◆ **Problem to work on**: Give the lines below again exactly, starting with the line that holds "Used Luggage compartment" and going on through the line that holds "Sweet chilli chicken".

◆ **Material to process**:
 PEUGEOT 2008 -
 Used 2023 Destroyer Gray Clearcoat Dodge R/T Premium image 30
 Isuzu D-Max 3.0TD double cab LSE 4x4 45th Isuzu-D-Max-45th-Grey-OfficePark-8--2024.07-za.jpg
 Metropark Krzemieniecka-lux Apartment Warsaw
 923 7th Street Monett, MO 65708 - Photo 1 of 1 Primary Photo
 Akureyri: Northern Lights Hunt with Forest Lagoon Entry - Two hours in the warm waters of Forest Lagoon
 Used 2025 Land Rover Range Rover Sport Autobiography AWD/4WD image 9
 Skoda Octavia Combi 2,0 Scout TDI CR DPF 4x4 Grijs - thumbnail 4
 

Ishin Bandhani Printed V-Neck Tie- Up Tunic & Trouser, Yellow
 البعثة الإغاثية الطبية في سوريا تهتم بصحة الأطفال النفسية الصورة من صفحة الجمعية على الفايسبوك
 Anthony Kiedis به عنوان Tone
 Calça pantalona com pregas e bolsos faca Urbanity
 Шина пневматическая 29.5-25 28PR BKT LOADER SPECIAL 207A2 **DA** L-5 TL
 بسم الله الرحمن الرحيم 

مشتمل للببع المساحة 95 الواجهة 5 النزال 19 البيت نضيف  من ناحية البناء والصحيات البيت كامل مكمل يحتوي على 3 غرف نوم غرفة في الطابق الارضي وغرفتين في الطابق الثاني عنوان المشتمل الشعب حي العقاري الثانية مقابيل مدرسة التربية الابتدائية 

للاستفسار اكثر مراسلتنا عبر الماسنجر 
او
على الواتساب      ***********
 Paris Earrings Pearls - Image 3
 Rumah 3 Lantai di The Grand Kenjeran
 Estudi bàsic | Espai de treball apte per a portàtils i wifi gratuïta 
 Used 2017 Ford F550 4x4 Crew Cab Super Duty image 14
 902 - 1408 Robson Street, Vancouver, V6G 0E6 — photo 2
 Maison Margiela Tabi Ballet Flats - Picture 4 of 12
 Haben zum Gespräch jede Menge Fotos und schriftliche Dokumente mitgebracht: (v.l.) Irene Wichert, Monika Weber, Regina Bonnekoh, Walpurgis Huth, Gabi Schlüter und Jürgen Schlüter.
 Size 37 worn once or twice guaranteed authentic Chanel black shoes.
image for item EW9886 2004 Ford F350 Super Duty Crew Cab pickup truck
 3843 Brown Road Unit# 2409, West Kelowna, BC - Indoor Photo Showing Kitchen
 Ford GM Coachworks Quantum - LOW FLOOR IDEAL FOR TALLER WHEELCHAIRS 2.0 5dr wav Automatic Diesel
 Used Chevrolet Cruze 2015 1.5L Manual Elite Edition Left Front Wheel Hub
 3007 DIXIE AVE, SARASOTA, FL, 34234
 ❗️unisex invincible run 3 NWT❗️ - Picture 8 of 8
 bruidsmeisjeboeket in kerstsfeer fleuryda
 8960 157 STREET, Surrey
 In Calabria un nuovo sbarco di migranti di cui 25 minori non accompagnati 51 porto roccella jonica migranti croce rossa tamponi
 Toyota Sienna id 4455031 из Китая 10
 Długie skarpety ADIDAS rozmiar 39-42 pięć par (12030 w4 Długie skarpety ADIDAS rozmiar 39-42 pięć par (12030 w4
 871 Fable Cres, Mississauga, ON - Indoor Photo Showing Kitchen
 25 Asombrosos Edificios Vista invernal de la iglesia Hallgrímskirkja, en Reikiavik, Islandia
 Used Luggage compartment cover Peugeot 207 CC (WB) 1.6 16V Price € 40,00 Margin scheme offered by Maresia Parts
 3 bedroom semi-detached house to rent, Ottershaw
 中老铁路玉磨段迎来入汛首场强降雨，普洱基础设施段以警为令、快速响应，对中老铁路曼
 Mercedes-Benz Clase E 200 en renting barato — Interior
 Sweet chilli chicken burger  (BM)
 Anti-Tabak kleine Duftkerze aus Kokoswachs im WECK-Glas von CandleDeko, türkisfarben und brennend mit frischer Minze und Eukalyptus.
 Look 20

◆ **Output of the task**:
 Used Luggage compartment cover Peugeot 207 CC (WB) 1.6 16V Price € 40,00 Margin scheme offered by Maresia Parts
 3 bedroom semi-detached house to rent, Ottershaw
 中老铁路玉磨段迎来入汛首场强降雨，普洱基础设施段以警为令、快速响应，对中老铁路曼
 Mercedes-Benz Clase E 200 en renting barato — Interior
 Sweet chilli chicken burger  (BM)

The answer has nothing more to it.